Katie's statement that she's "not interested in converting anyone to Christianity" immediately affected my spirit. I assume this statement was borne out of a reaction from some who try to force 'christianity' on people as a doctrine, informed no doubt by our own sorry history in the Indian Residential school system. I can understand a reaction like this, but it is depressing because such a stance of only listening and not sharing neuters the transformative love that is embodied in Jesus. To withhold the this divine love, especially in the face of real pain and brokenness sure to accompany refugees from the near East and East Africa would be a great loss, both to the one sharing this love and the one receiving it. Evangelism isn't about having all the right answers and shoving it in everyone else's face. It is about seeing people from His perspective, recognizing and validating their true value and seeing how Jesus has already been acting in their lives. Being converted from fear or hatred to love is exactly what Christians should do. The verse from 1 John 4:7 comes to mind: Dear friends, let us love one another, for love comes from God. Everyone who loves has been born of God and knows God.

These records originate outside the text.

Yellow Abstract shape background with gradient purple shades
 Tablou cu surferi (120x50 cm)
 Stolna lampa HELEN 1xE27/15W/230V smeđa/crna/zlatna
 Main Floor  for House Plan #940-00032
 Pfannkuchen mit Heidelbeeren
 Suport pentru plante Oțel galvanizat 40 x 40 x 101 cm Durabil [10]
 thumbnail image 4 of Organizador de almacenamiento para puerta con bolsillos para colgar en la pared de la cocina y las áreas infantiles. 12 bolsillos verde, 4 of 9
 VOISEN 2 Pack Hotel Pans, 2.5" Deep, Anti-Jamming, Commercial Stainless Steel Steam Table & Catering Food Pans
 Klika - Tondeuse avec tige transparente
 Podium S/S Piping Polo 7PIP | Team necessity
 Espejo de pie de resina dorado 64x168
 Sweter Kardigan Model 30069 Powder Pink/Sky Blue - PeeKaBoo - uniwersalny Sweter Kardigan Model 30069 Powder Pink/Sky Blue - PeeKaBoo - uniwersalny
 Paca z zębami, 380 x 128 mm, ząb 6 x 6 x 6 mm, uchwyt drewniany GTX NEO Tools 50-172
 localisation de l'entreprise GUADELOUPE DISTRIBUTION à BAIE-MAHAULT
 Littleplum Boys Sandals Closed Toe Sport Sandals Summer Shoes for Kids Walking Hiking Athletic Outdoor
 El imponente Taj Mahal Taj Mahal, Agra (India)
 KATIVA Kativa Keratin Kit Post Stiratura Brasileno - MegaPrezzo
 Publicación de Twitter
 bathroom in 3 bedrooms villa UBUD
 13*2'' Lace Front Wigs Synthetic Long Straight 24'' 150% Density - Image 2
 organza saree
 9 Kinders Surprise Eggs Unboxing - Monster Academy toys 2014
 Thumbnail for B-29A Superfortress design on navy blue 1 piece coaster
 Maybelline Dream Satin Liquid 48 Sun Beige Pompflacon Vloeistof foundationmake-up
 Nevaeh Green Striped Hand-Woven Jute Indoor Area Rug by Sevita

Whenever one individual attempts to persuade another, or whenever one individual engages another for that matter, both individuals are changed through the process. Often, when we talk about converting someone the dynamism of the process is ignored. Katie's statement, "I’m not interested in converting anyone to Christianity", seems to be a response to a closed one-way street orientation to evangelism. Taking such a stance, the converter can mistakenly assume that she (or he) has sovereign ownership of the truth and must engage in a process of transferring this "truth" to the "unbeliever". It seems to me, however, that the one who suffers from such an exchange is the sovereign one, for she fails to recognize and receive the GIFT of truth. The “converter”, or sovereign one, fails to allow herself to be influenced. Or perhaps “allow” is too strong a word, maybe she simply fails to recognize that her own perspective, her own narrow understanding, is always expanded by that of the "other" and, hence, approaches life in an ungenuine way. This is sad, because her failure to learn from an other, an alien or refugee, is the failure to ultimately recognize that she owes her own perspective, her own understanding, to that which is fundamentally outside of her control and beyond her horizon of knowledge. In other words, the failure to learn from the "non-Christian" is a failure of faith.